The North Terrace is a single tier of standing terrace, with a roof that only provides cover to the very back rows. There is a row of white metal bars along the front for supporters to lean on, and part of the stand is sectioned off by a silver metal fence as this is in use for the away section.
Your view from under the roof is likely to be restricted somewhat as there are supporting pillars coming down regularly along the front of it. Your view will be clear though if you are stood in front of it.
Windshields are in place at either end of the covered terracing section.
The Cricket Club Side is a single tier of entirely uncovered terrace.
There are two rows of white metal bars running along that supporters can lean on, and the ground’s dugouts are located right down at the front beside the pitch.

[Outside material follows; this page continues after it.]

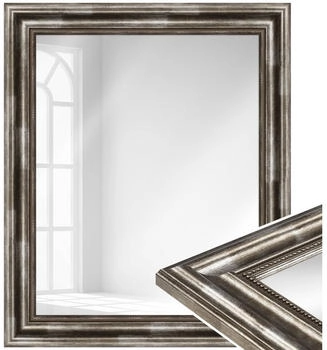 WANDStyle Wandspiegel H550 aus Massivholz in Silber 60x70 cm im Stil Antik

This means that substitutes and staff have to cross over the pitch to get from the tunnel to the dugouts. Two vertical metal fences are in place behind one of these dugouts, and these are used to section off part of this stand for away fans.
Views are clear from inside this stand, but with no roof overhead, you will feel all the cold and all the rain if it is present.
There are toilet and refreshment facilities in place by the stand’s northeast turnstiles.
The Glyn Beverly Stand consists of a single tier of black seating.
Down at the front at either end of the seating area are fenced-off flat platforms for disabled supporters to use. The whole seating area looks quite small when compared to the rest of the stand, and that is because the space behind and beside it is taken up by Club Offices.
Your view from anywhere inside the Glyn Beverly Stand is perfectly clear as there are no supporting pillars coming down from the roof above.
The end of the stand near to the southwest corner is fully protected by a large blue wall. The opposite end of the stand however has just a small wall in place to offer protection from the wind and the rain.
Away section are essentially housed in what is the northeast side of the stadium.
They are given a small section of the North Terrace behind the goal, and a larger section of the Cricket Club Side to the east. Tall metal fences are used to segregate this away section from the home supporters based elsewhere in either stand.
The Cricket Club Side has no roof overhead, whilst the North Terrace is mostly uncovered but has does have a roof in place for the very back rows. You can likely find your view restricted here however as there are supporting pillars coming down regularly along the front of it.
For the majority in this away section, overhead protection is minimal and so my advice is to wrap up warm and prepare yourself for the worst conditions during the game.
Turnstiles for the away section can be found next to a gravel car park in the ground’s northeast corner.
There are toilet and refreshment facilities in place next to these once you head inside.
Pubs available to supporters on a matchday include*:
-The Ravens Bar at Hayes Lane itself (Away Supporters Welcome, though not when Segregation is in use)
-The Bitter End Bar (139 Masons Hill, BR2 9HW) (Home and Away Supporters)
-The Bricklayers Arms (143 Masons Hill, BR2 9HW) (Home and Away Supporters)
-The Greyhound (205 High Street, BR1 1NY) (A JD Wetherspoon Pub, Typically Home and Away Supporters) (Located in more central Bromley)
-The Partridge (194 High Street, BR1 1HE) (Typically Home and Away Supporters) (Located in more central Bromley)
-The Richmal Crompton (Unit 23, Westmoreland Place, BR1 1DS) (A JD Wetherspoon Pub, Typically Home and Away Supporters) (Located very close to Bromley South Station)
*The location of Hayes Lane itself means that there aren't really any pubs within close range of it. The recommendation is to find a drink in more central Bromley if you are unable to use the Ravens Bar.
Hayes Lane in its current form looks like a mix between what is considered a typical football league ground and a typical non-league ground. Its South Stand is impressive in layout but does seem rather out of place when compared to the largely uncovered terracing on two other sides of the pitch.
What that does though is offer a bit of something for everyone. Whether your preference is to be out on the terraces or under the cover of a modern stand, Hayes Lane can accommodate to your needs.
Worth coming to check this place out.